Die Lösung von BZÖ-Chef Josef Bucher: "Steuern müssen niedriger, einfacher und gerechter werden"

Das BZÖ fordert ein einfaches, aber revolutionäres Steuersystem, durch das die kalte Progression und die soziale Ungerechtigkeit des derzeitigen Steuersystems beendet werden.

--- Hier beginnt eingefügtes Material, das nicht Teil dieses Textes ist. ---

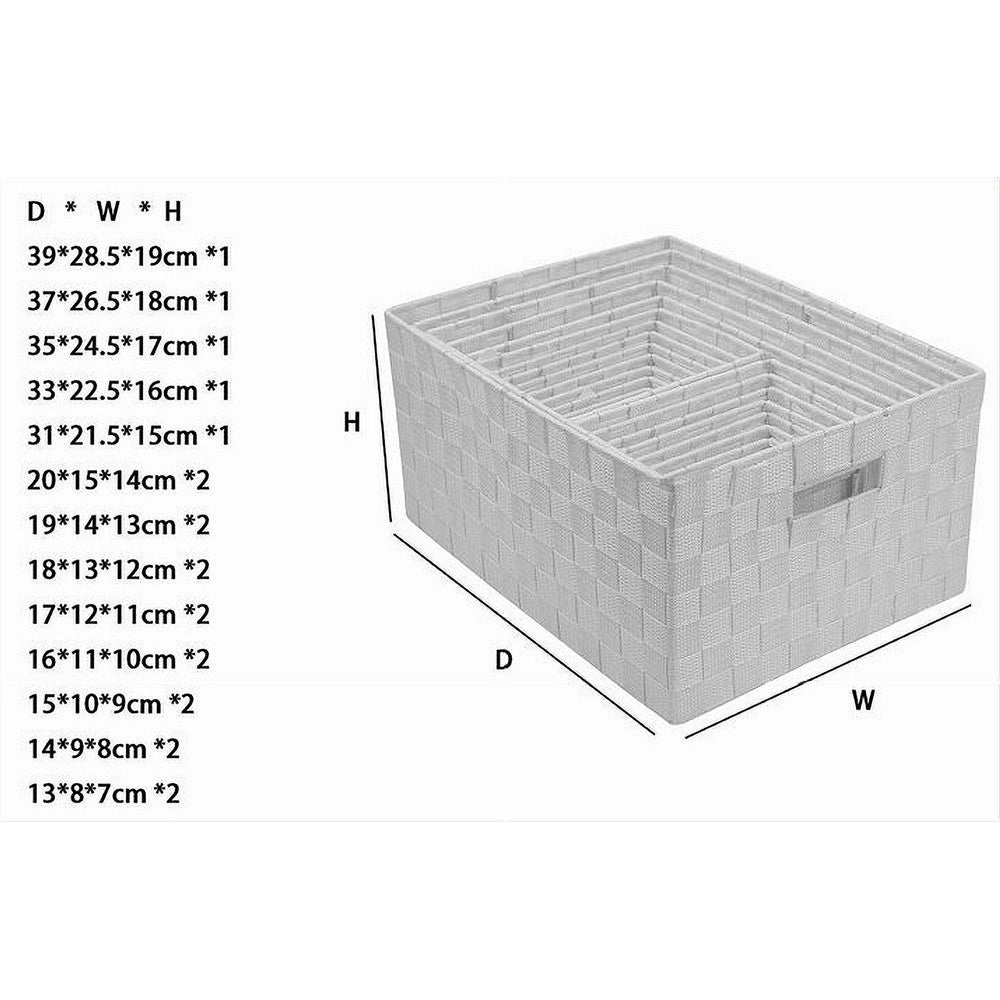 Trade Shop - Set 21 Pz Box Scatola In Tessuto Portaoggetti Organizer Con Manici Bianco 79085 -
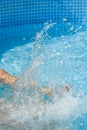 Women`s feet splashing in the pool, water spray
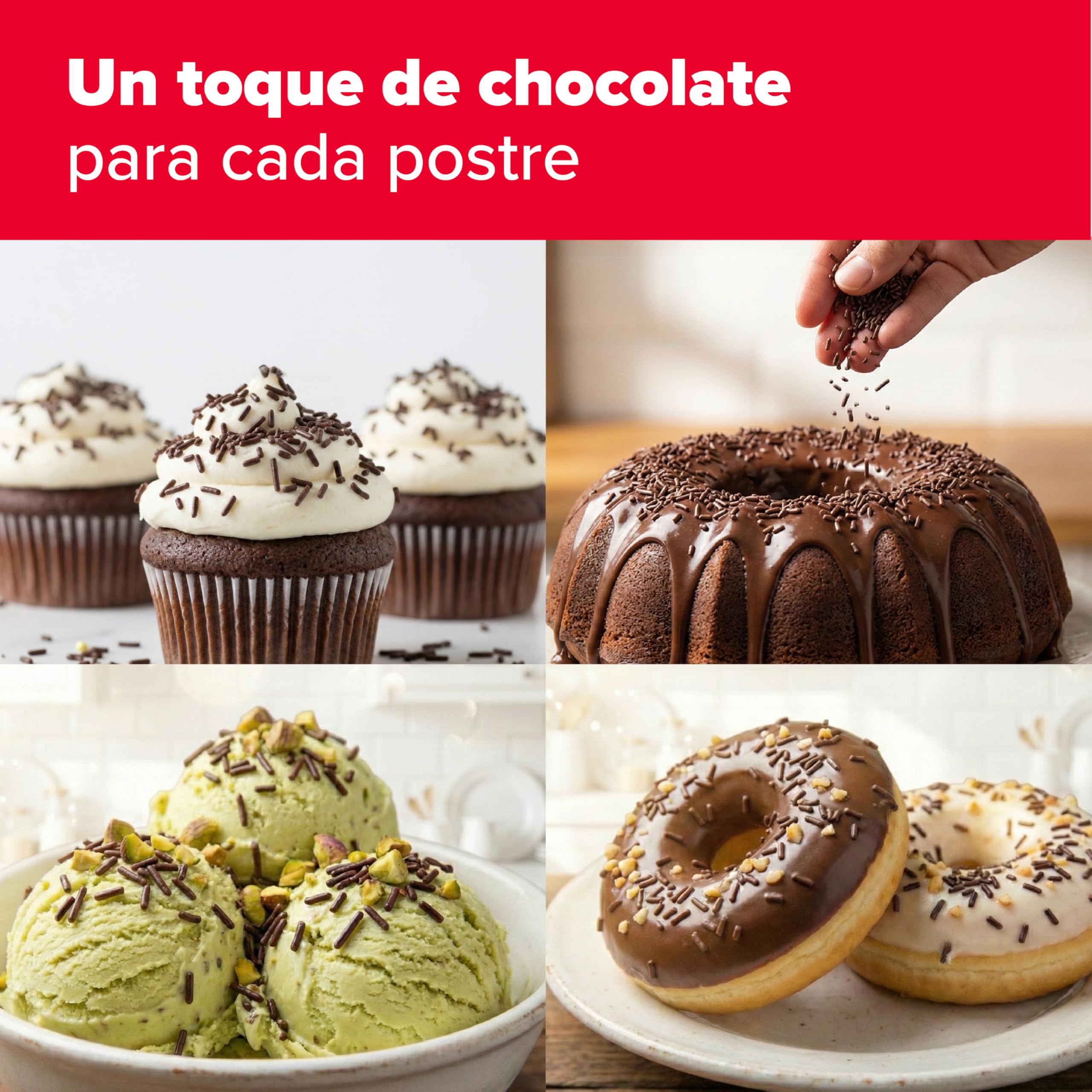 Dekora Fideos de Chocolate 100 g – Topping sin gluten Decoración comestible Tartas Postres Cupcakes Sprinkles Cacao Repostería Creativa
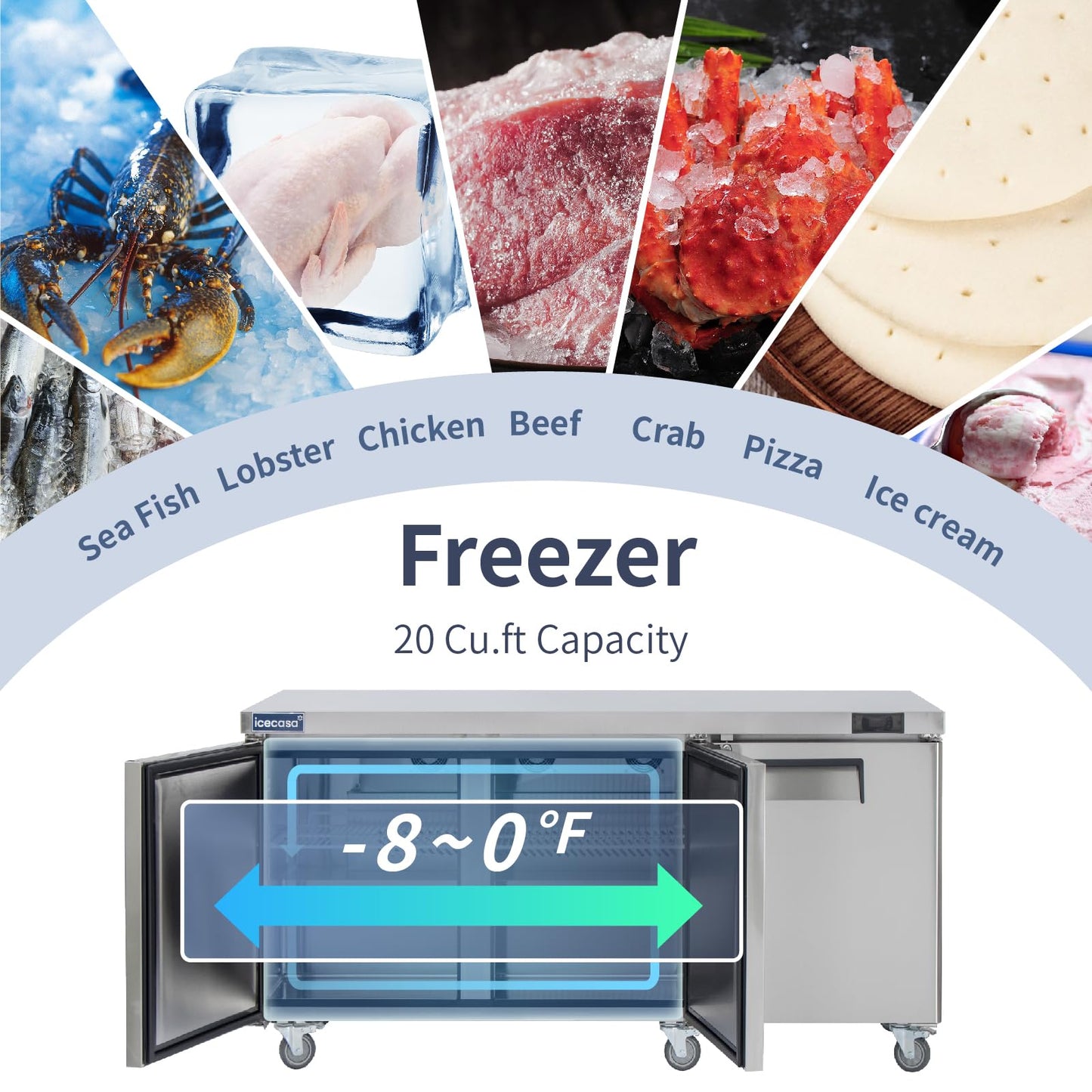 ICECASA 72" W Commercial Freezer Worktop Undercounter Freezer Three Door Stainless Steel Counter Fan Cooling 20 Cu.ft for Restaurant, Bar, Shop, etc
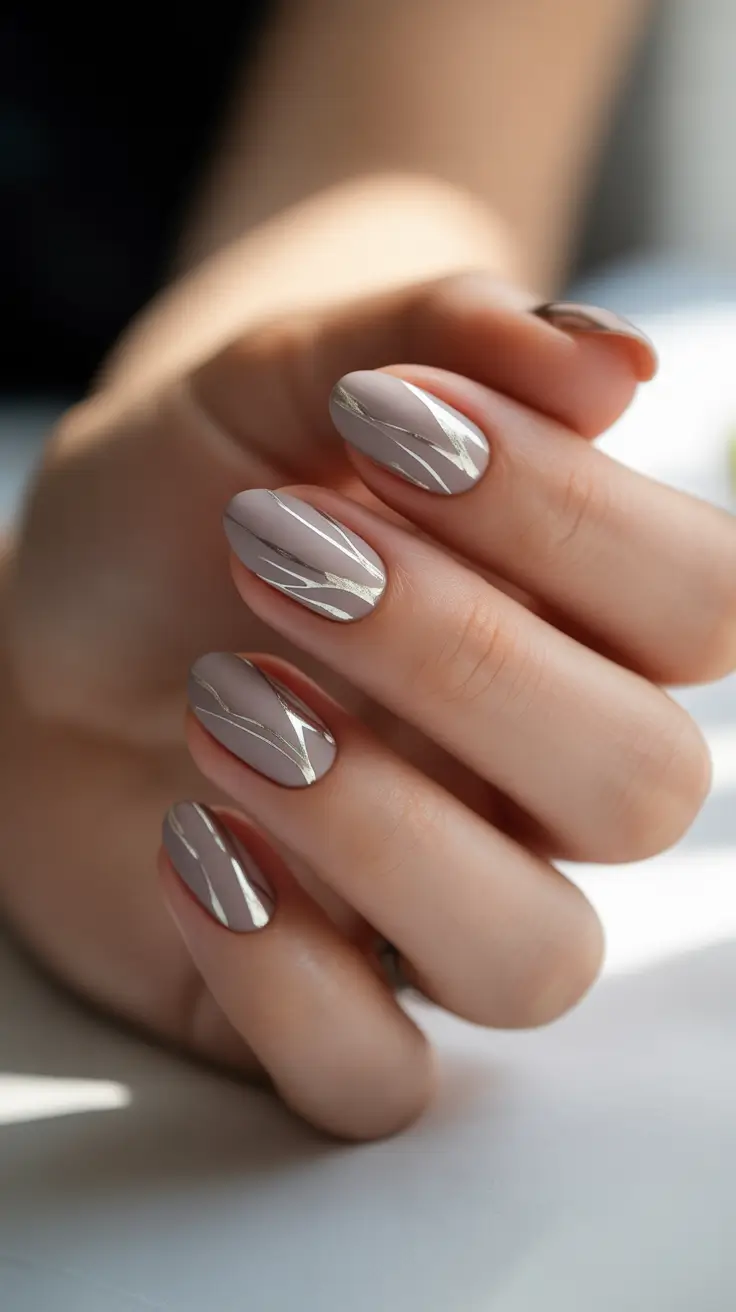 winter almond nails Muted Taupe Artistry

Kern dieses Vorschlags ist eine Flat-Tax, also ein einheitlicher Abgabensatz, die zusammen mit einem Steuerfreibetrag in Höhe von 11.000 Euro Gerechtigkeit durch eine deutlich niedrigere Gesamtbelastung kleiner und mittlerer Einkommen, aber eine höhere Belastung sehr hoher Einkommen garantiert. Die Einheitsabgabe im BZÖ-Modell ersetzt Lohn- und Einkommensteuer sowie die Sozialversicherungs-Beiträge. Dem Steuerzahler wird nur ein einziger und einheitlicher Prozentsatz abgezogen. Vom Jahreseinkommen wird zuerst der Steuerfreibetrag von 11.000 Euro subtrahiert. Von der verbleibenden Summe wird die Flat-Tax samt Sozialversicherung in der einheitlichen Höhe von 44 Prozent abgezogen - für Steuer und Sozialversicherung. Im Bereich von Bruttojahreseinkommen zwischen der Geringfügigkeits-Grenze und 14.235,28 Euro gilt dagegen ein einheitlicher Abgabensatz von zehn Prozent, der die jetzigen Abgaben für Sozialversicherung und Lohnsteuer (ab 10.000 bzw. 11.000 Euro Jahresbruttoeinkommen) ersetzt. Insgesamt werden durch das Flat-Tax-Modell nahezu alle Steuerpflichtigen deutlich entlastet. Lediglich für Spitzenverdiener mit sechsstelligen Jahresgagen steigt - im Gegensatz zur derzeitigen Einkommensteuer - die Belastung. Im Rahmen der Flat-Tax soll organisatorisch das Prinzip der Individualbesteuerung beibehalten werden, wirtschaftlich jedoch soll die Familienförderung mittels steuerlicher Vorteile entscheidend an Gewicht gewinnen.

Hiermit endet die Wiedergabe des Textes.